A bounce occurs when a web site visitor leaves a page or a site without visiting any other pages before a specified session-timeout occurs. There is no industry-standard minimum or maximum time by which a visitor must leave in order for a bounce to occur. Rather, this is determined by the session timeout of the analytics tracking software.Bounces are one of the underappreciated, underunderstood, misunderstood Web metrics. Show me a person who says they understand bounce rate and I’ll show you a liar.
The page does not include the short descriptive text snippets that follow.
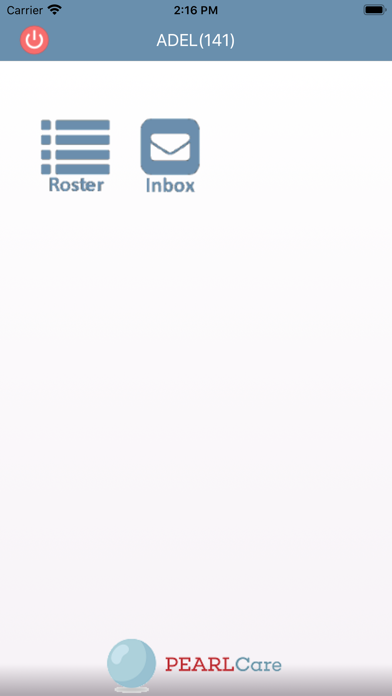 PearlCare Screenshot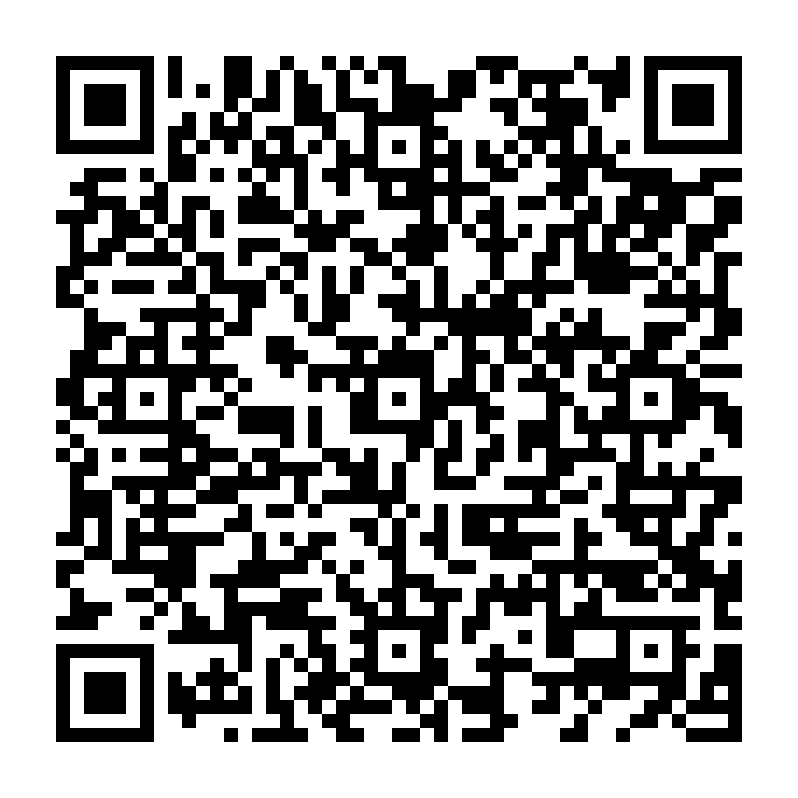 QR-kód
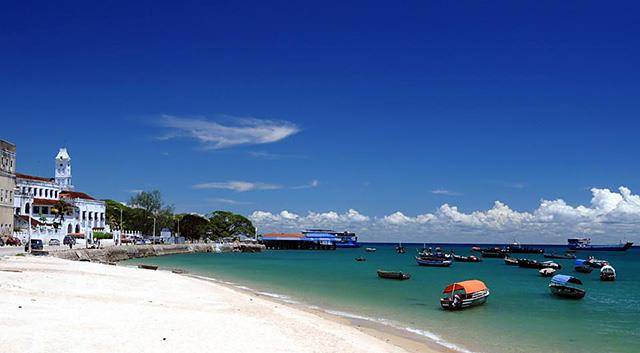 原创除了穷还一直面临着闹独立的困扰坦桑尼亚的分裂之路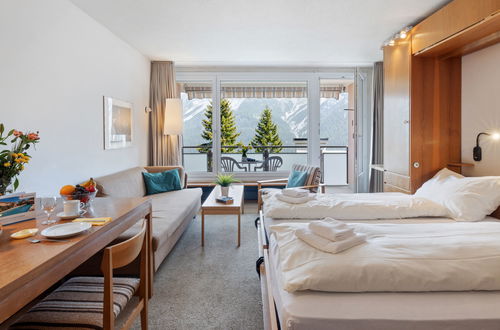 Foto 2 - Apartamento em Arosa
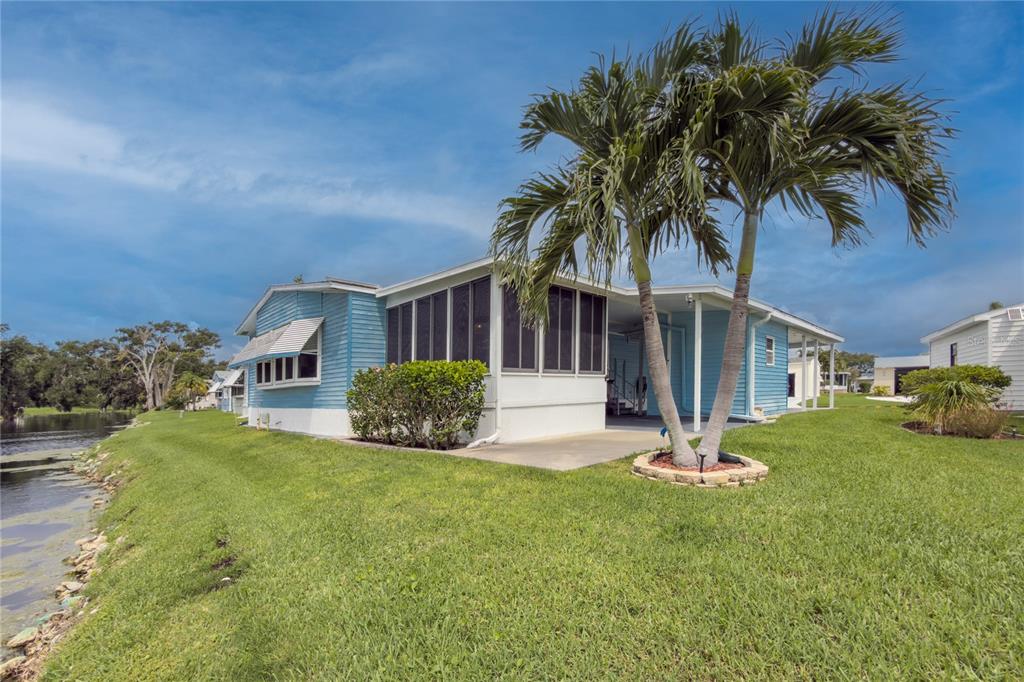 Property for sale at 78 EAGLE CIRCLE, ELLENTON, FL, 34222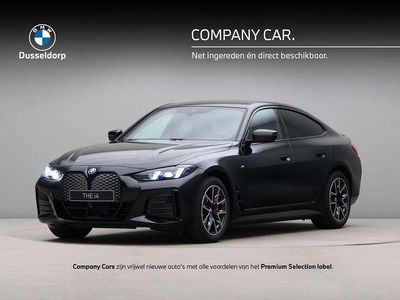 Zwart Gebruikt 2025 BMW i4 M Sport Sedan | € 67.293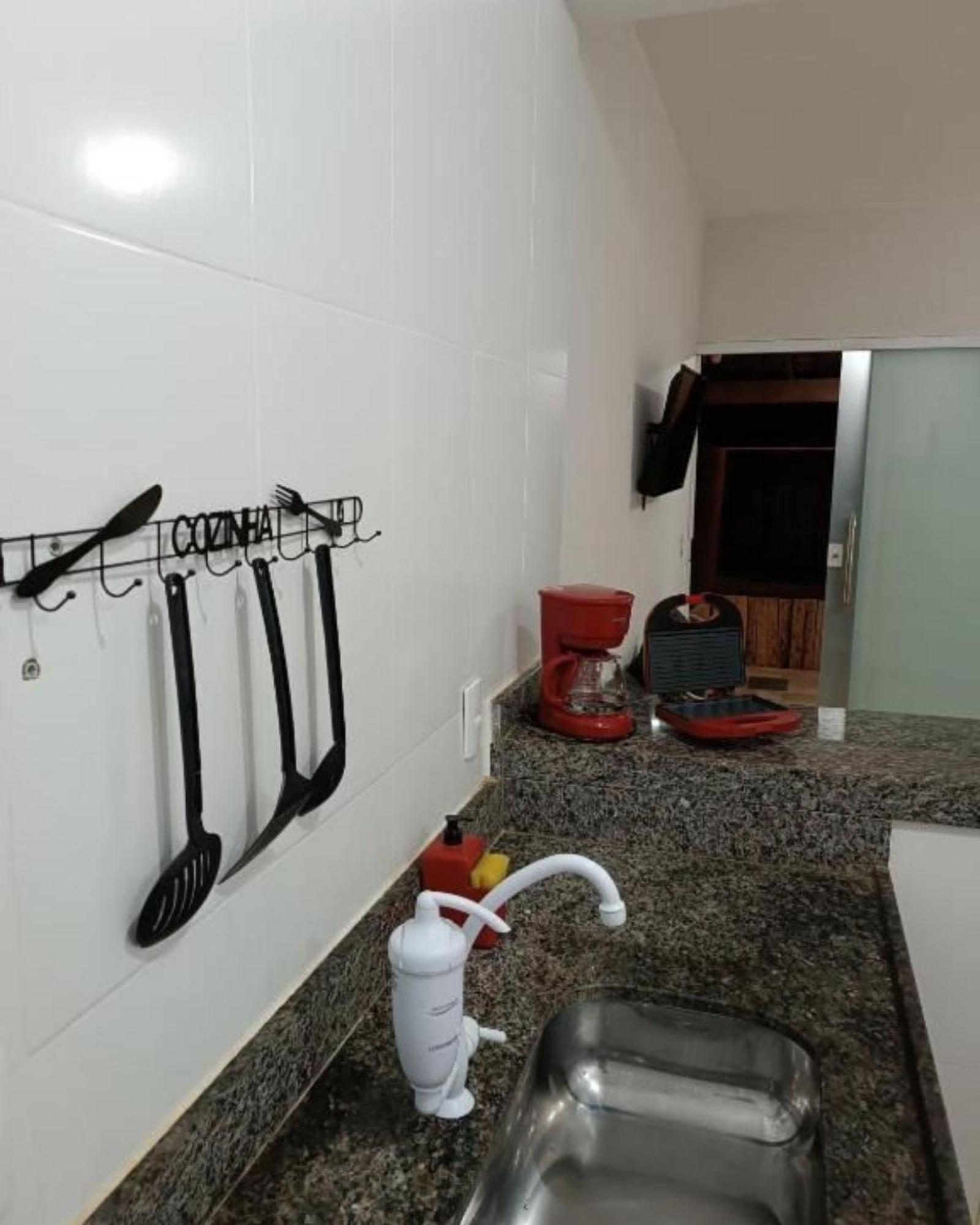 Apartamento Mar & Sol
I understand them. They’re not very helpful in a vacuum though. If you slice the bounce rate by time spent on page and referrer, you can build a story about who (referrer vector) finds a particular page interesting (time spent vector) enough to check it out, interesting enough to check out more pages (bounce rate), or not interesting at all.
Like any complex entity, a single metric that has only a single unit (or is unitless) is a gross oversimplification of the entity. Like describing a Ferrari 430 Scuderia as a car with a top speed of 197 mi/h (which is even a compound unit). Exploring other metrics to build a store will yield the engine’s output specifications as: 360.4 kW (483 hp) at 8500 rpm and 465 N·m (343 lb·ft) of torque at 5250 rpm (source wikipedia, so it must be true)… a far more compelling story to someone who cares (I don’t).
Anyway… measuring is important. ”If it’s not measured it can’t be managed” was the mantra at AOL when I worked there, and I’ll repeat it over and over again to anyone who will listen.